The five SCNC fire safety deficiencies (MH has two) show that SCNC does not offer a suitable (safe and panic-free) nursing environment, thus contributing to low-quality health care. In addition, the Civil Money Penalty received (MH has none) shows that SCNC experiences financial mismanagement. More so, SCNC has more incidents and complaints (23 complaints and two incidents) than MH (0 incidents and one complaint).

Like most profit corporations (SCNC is non-profit ), MH is well-managed (focused on quality care), and that is why it has fewer incidents on factors such as fire safety standards and health inspection, the driving factors for quality health care. This explains why MH receives fewer complaints from patients ( 1-6).

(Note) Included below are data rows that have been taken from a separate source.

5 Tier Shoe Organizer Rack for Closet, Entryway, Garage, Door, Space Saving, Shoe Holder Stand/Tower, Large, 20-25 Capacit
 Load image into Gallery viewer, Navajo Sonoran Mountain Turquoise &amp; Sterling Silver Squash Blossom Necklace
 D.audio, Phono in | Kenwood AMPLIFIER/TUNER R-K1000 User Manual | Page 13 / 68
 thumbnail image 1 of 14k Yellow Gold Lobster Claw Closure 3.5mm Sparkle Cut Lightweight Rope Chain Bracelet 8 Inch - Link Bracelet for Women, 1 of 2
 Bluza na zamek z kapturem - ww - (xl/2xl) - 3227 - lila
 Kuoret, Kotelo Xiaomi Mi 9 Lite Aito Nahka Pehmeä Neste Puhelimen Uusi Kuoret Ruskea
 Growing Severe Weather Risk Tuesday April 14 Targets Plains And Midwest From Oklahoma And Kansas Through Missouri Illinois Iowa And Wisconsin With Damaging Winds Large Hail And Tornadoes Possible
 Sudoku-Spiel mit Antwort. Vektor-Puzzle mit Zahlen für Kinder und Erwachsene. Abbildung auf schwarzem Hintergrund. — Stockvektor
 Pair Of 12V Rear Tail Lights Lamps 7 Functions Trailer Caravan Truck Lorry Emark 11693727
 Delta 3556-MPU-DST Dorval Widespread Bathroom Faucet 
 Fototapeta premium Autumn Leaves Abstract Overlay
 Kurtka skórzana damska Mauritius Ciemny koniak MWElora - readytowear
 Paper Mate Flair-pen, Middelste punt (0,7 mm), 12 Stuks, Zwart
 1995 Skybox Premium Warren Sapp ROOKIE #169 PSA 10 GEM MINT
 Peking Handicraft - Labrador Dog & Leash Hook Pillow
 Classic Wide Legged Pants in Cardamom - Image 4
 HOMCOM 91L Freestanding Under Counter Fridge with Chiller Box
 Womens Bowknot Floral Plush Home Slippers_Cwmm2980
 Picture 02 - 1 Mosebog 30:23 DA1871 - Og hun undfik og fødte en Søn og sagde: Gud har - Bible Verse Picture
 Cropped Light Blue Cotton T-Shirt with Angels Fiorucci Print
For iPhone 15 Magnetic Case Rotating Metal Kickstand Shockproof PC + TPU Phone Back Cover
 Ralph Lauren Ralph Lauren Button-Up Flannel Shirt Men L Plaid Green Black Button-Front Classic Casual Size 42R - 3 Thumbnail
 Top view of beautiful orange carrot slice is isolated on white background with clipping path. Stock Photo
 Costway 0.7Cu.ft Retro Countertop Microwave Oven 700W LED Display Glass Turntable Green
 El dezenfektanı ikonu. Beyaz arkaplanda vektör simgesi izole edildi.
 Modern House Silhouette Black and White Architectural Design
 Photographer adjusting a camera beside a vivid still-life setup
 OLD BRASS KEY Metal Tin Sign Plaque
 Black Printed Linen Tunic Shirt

Among the complaints made include lack of a program that can prevent the spread of infection, inappropriate and inaccurate record-keeping, and lack of specialized treatment for patients with care plans. There are several ways of mitigating complaints, and as a manager of SCNC, my first strategy would be communication enhancement.

I would make sure that SCNC provides patients with information about the available services and procedures to avoid misinformation. ‘Ask the Nurse’ system where a specified nurse handles patients’ complaints could be set for the information dissemination purpose. As a result, patients in need of specialized care would know what is available and what is not.

In addition, this would enhance the staff – patients’ interaction. I would also make sure that I provide guidelines on physician and hospital coding activities, productivity, audits, and education standards. This would limit and eventually eradicate any fraudulent acts.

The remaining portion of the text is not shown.